From a Suffolk and Waveney perspective, the headlines in the Budget and the Bill are the Felixstowe freeport and the Lowestoft towns fund deal. These can be a catalyst for private sector investment. For the latter, where I sit on the place board, it is estimated that the £24.9 million of public funding will leverage in £350 million-worth of private sector investment. Previously, I was doubtful about freeports, concerned that they move business around, displacing projects rather than attracting additional investment. However, taking into account the unprecedented challenges of covid and the opportunities of Brexit, it is necessary to pursue policies that can help to attract footloose global investment, although, as we heard, the provisions of the policy will need to be looked at very closely.

A concern I do have is that the focus on freeports could lead to the abandoning of enterprise zones, introduced very successfully by my right hon. Friend the Member for Tunbridge Wells (Greg Clark) in 2012. The Lowestoft and Great Yarmouth enterprise zone has worked very well. Its provisions need some changes, so that it is properly aligned with the exciting opportunities emerging in the maritime and port sectors. It is important that that and other enterprise zones continue.

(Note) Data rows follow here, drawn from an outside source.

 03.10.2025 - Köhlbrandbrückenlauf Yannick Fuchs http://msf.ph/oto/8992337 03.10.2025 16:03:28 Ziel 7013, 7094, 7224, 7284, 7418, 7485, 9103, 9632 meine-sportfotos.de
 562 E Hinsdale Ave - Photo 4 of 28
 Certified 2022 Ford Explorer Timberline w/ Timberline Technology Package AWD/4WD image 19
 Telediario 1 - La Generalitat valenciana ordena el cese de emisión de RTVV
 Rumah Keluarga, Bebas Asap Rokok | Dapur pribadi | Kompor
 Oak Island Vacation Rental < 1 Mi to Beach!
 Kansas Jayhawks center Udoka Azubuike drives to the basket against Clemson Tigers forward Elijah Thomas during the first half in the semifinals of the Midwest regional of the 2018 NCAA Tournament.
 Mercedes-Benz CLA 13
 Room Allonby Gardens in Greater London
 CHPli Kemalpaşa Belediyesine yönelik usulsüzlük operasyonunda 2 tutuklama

The Finance Bill paves the way for the levelling-up fund and the UK community renewal fund. There are elements in the small print that cause me concern. With the former, the Lowestoft and Waveney area, where there are significant areas of poverty, is in the priority 2 category, while with the latter there are no priority places in Suffolk, yet there are in the surrounding very similar counties of Norfolk, Essex and Cambridgeshire. This appears illogical and not properly thought through. I am writing to the Secretary of State for Housing, Communities and Local Government seeking clarification of the selection criteria.

Covid has hit hard the poorest in society. It was thus right that a year ago the Government moved quickly to introduce the £20 uplift to universal credit and to provide unprecedented levels of funding to local government for welfare support. I welcome the extension of the universal credit uplift to the end of September and the one-off payment of £500 to those receiving working tax credit. However, I am concerned that the impact of covid on the most disadvantaged will extend beyond the end of the summer and could well be heightened at the time that furloughing is scheduled to end.

The Government have put in place some very good initiatives, such as the kickstart scheme, the restart scheme and the lifetime skills guarantee, but there needs to be a strategic approach to providing people with a pathway out of poverty and there is a worry that some important stepping stones are missing. I urge my right hon. Friend the Chief Secretary to the Treasury to work closely with his Cabinet colleague and my constituency neighbour, the Secretary of State for Work and Pensions, my right hon. Friend the Member for Suffolk Coastal (Dr Coffey), to ensure that we have a welfare support system that is fit for the task ahead. This should incorporate proper long-term funding for local welfare assistance and synchronisation with the implementation of the national food strategy, and it should ensure that those on legacy benefits are not left behind.

In conclusion, the Bill provides the framework for meeting the biggest economic challenge in our lifetime, but there is a need to look more closely at some of the detail, whether the criteria for bidding to economic regeneration funds or the need for a strategic approach to welfare support. I hope that the Government will do that in the weeks ahead.